Mad, Bad and Dangerous to Know by Samira Ahmed is a fun YA contemporary with an added historical narrative woven into the story. Khayyam is spending the summer in Paris after losing an important art history essay competition and feeling like she has failed at everything she worked towards. And then she meets Alexandre. Alexandre Dumas, to be exact. Descendant of that Alexandre Dumas, the one who she was working on. Together, they follow her seemingly insane theory about a missing painting once belonging to Dumas, and thus end up following in the footsteps of Leila, a young Muslim woman living in the Paris of Dumas’ time. There is much here that makes a great story. But I ended up loving the premise a lot more than the actual book. To me, there were a lot of pieces that just didn’t quite fit together properly and the story and characters ended up like a puzzle with half the pieces missing or wrongly assembled. I might have approached it from the wrong perspective as someone very familiar with academic work in both history and art history, so it might well be that I am just the wrong reader for the book – but the way historical documents were treated in the story made me cry and that Khayyam’s parents (PROFESSORS!) encouraged her in this endeavour made me VERY upset. JUSTICE FOR RARE MATERIALS! I think this was a three star read for me, but ultimately more due to who I am than anything else.

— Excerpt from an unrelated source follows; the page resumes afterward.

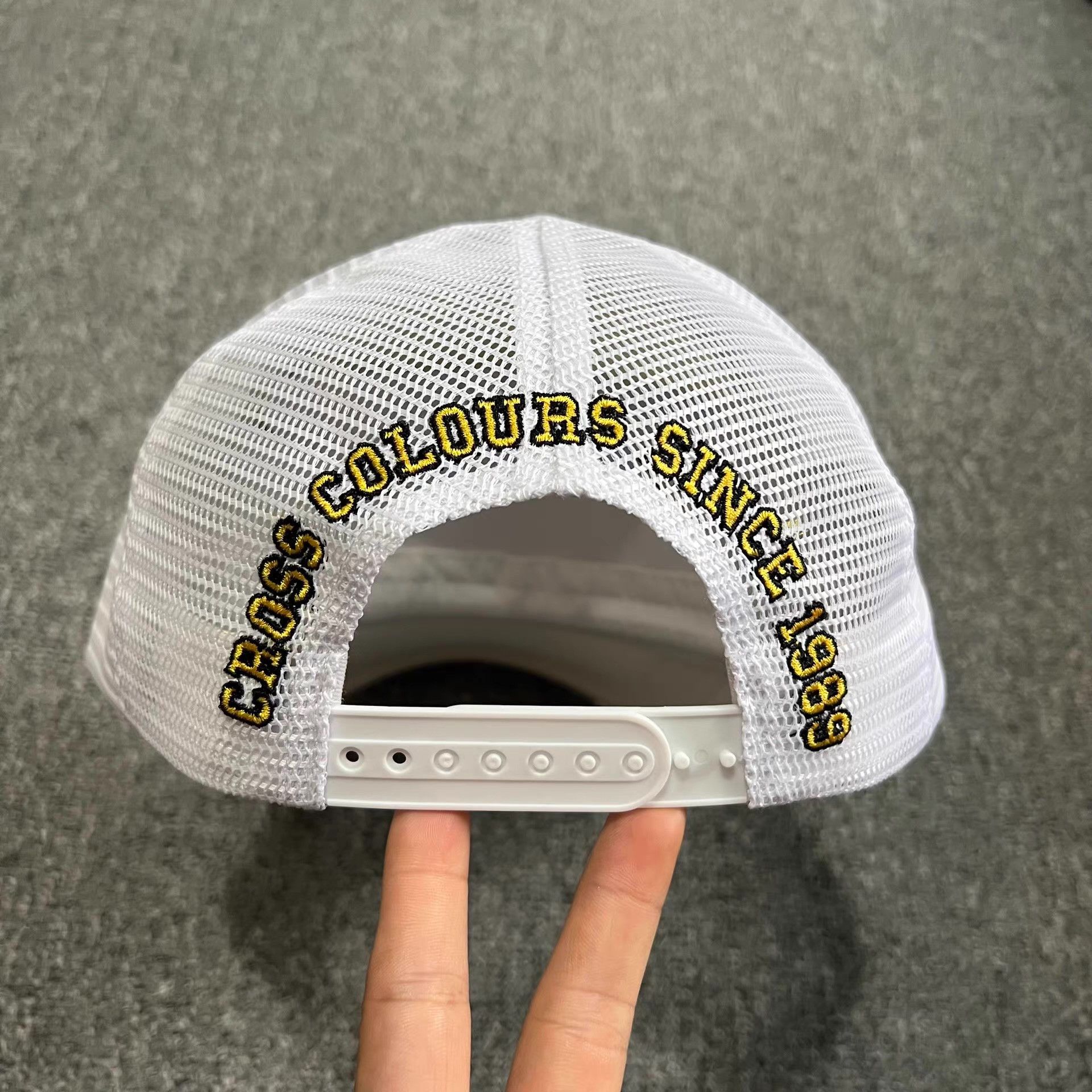 Cross Colours Cross Colours curvedbrimmeshtruckerbaseball cap sun hat Q7 Size ONE SIZE - 3 Thumbnail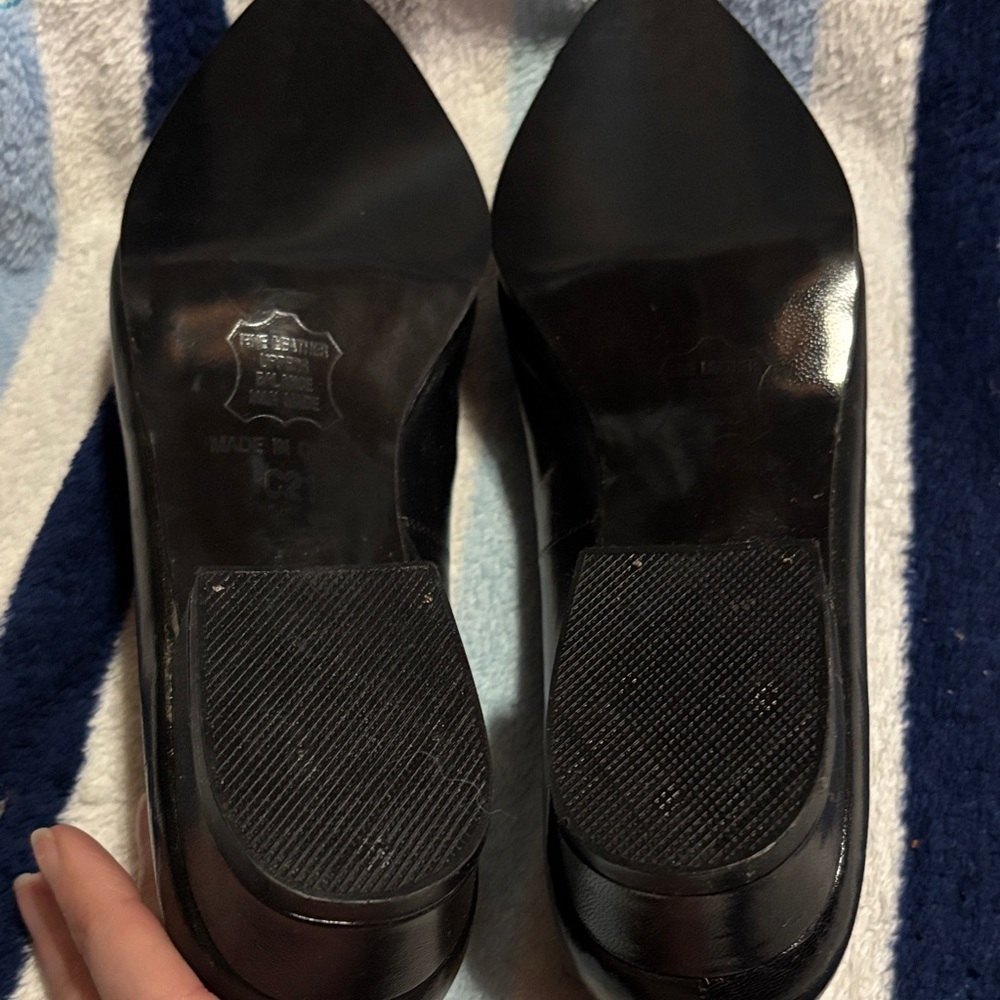 New York Transit Women's Classic Black Loafers - Picture 4 of 5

Dare To Know by James Kennedy frustrated me to no end. It starts out very intriguing – it’s a high concept thriller about a narrator who works for a company which developed an algorithm able to predict people’s deaths, until one day, he is in an accident, which causes him to calculate the time of his own death… which is half an hour in the past. This leads him on a wild goose chase for his ex-girlfriend who is the only other person who knows his time of death and might be able to help. But the story loses itself in a confused stream-of-consciousness narration skipping through moments of the narrator’s past, ultimately not leading to much of a coherent plot line. What further annoyed me is that the narrator is a self-centred narcissist who thinks he is smarter than everyone around him and I could not stand the bastard. I was close to throwing the book across the room many many times because of what a dick the narrator is – I don’t think he has any redeeming qualities. And because the book is so closely focused on his experiences, that is a major aspect of the reading experience. So, sadly not one I’d recommend.